Problem to work on: Each line below is to be copied exactly; images do not go into the copy.

Data shown:
━━━━━━
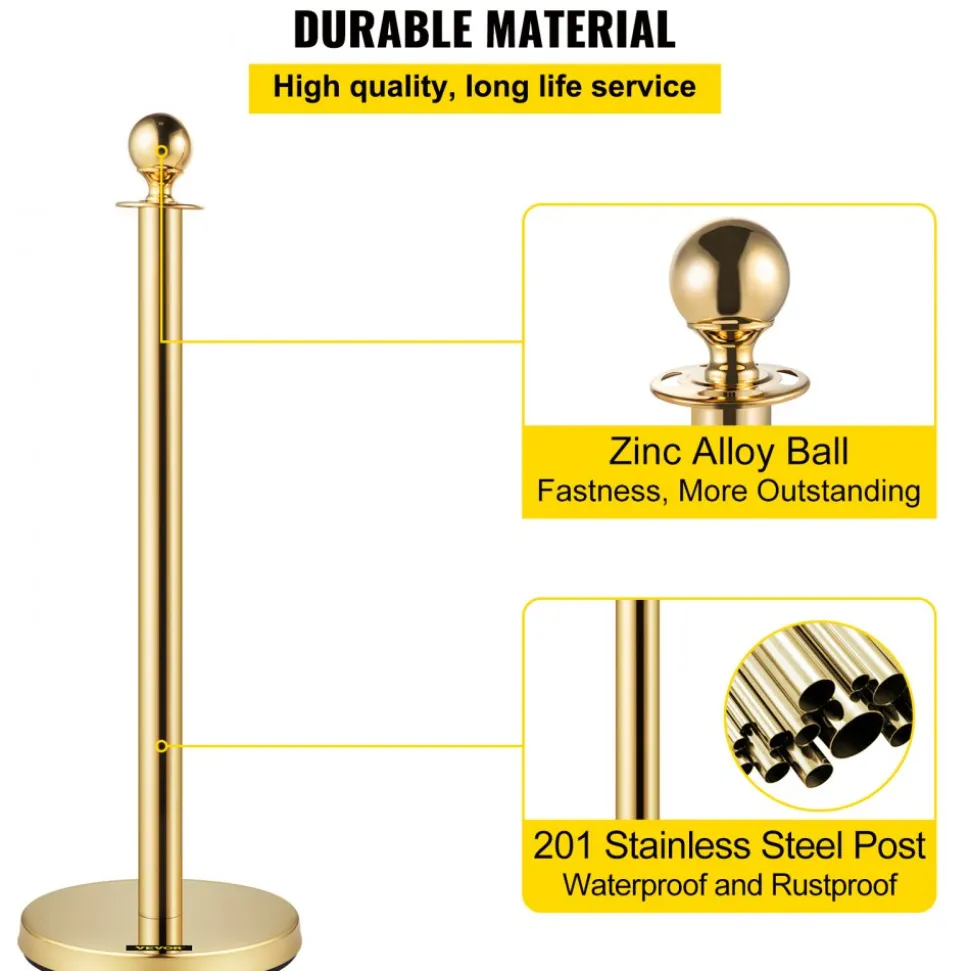 VEVOR Stanchion Post with Velvet Rope, 6-Pack Crowd Control Stanchion with 4PCS 5FT Red Velvet Ropes, Stainless Steel Queue Barrier Line Divider with Ball Top for Events, Museums, Parties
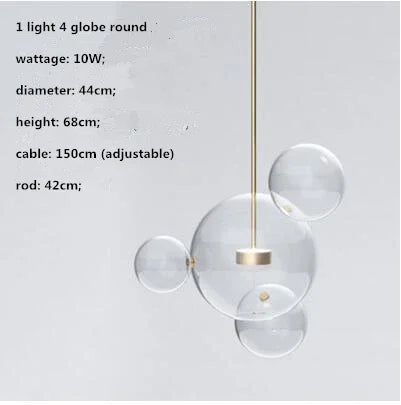 Afralia™ Modern Clear Glass Globe LED Pendant Light - Micky Copper Hanging Lamp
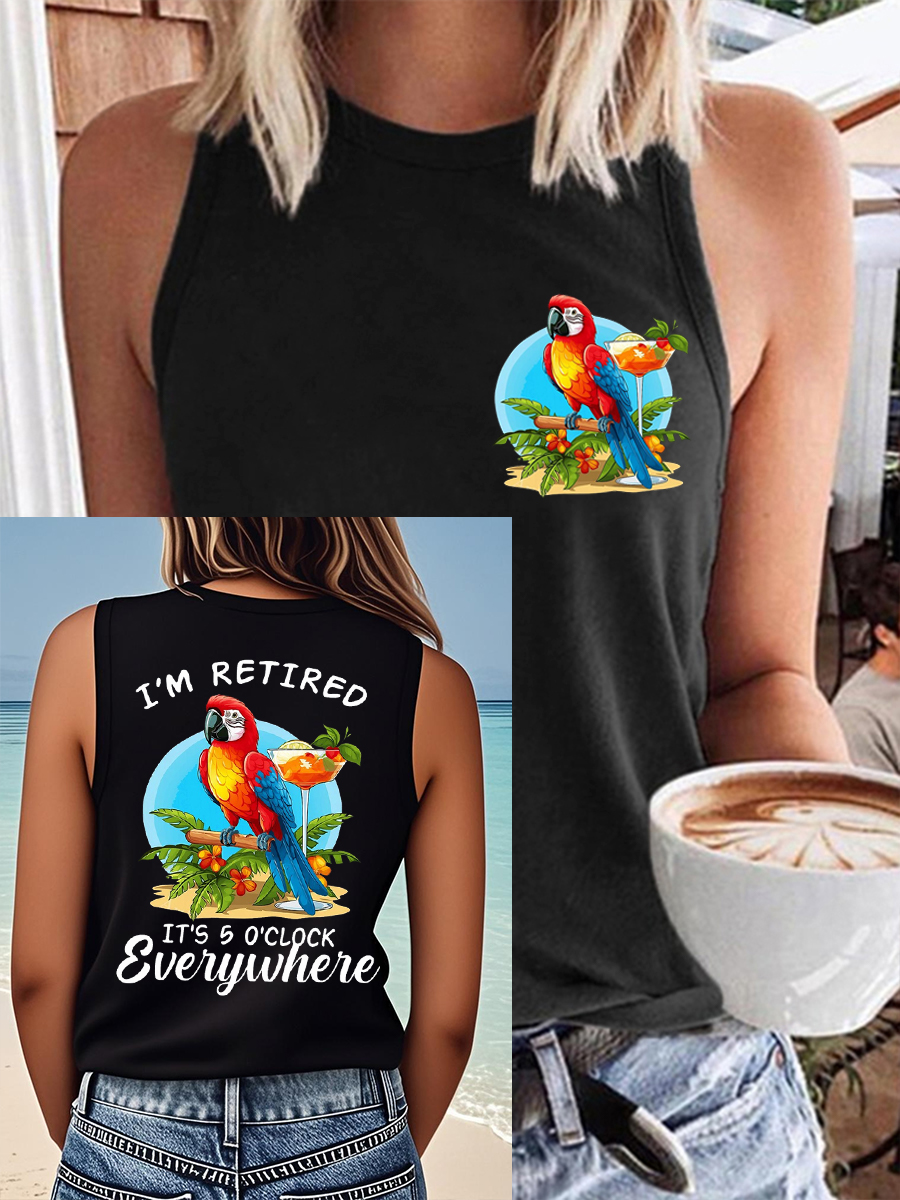 Women's I'm Retired It's 5 O'clock Everywhere Parrot Print Casual Vest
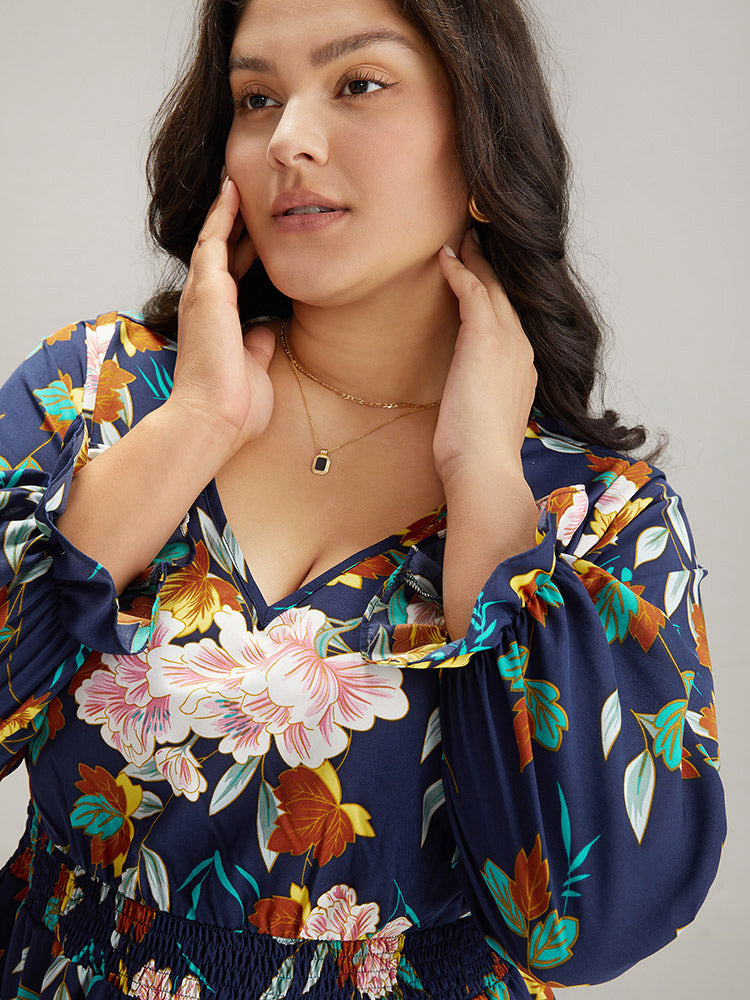 Floral Print Split Side Ruffle Trim Dress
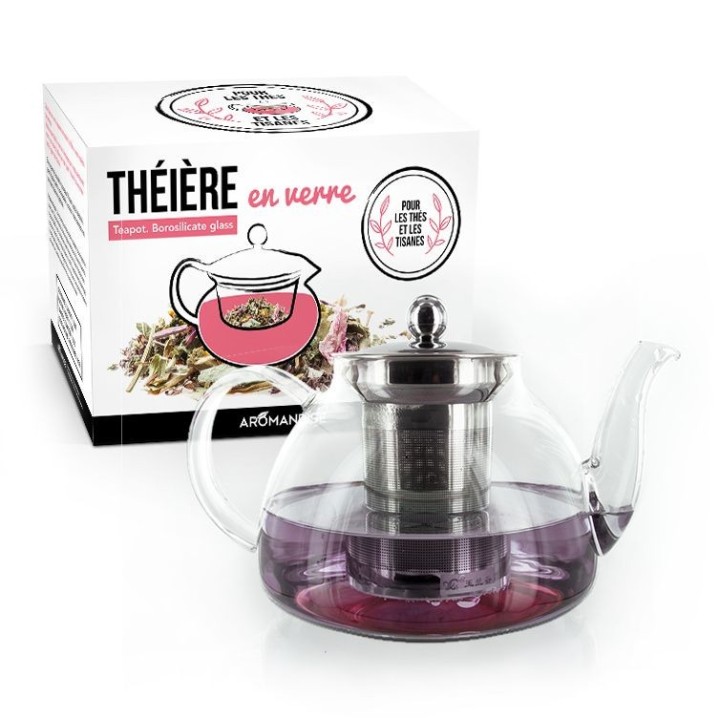 Teiera in vetro borosilicato con filtro in acciaio inossidabile - 0,80 L - Aromandise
━━━━━━
Exercise solution:
 VEVOR Stanchion Post with Velvet Rope, 6-Pack Crowd Control Stanchion with 4PCS 5FT Red Velvet Ropes, Stainless Steel Queue Barrier Line Divider with Ball Top for Events, Museums, Parties
 Afralia™ Modern Clear Glass Globe LED Pendant Light - Micky Copper Hanging Lamp
 Women's I'm Retired It's 5 O'clock Everywhere Parrot Print Casual Vest
 Floral Print Split Side Ruffle Trim Dress
 Teiera in vetro borosilicato con filtro in acciaio inossidabile - 0,80 L - Aromandise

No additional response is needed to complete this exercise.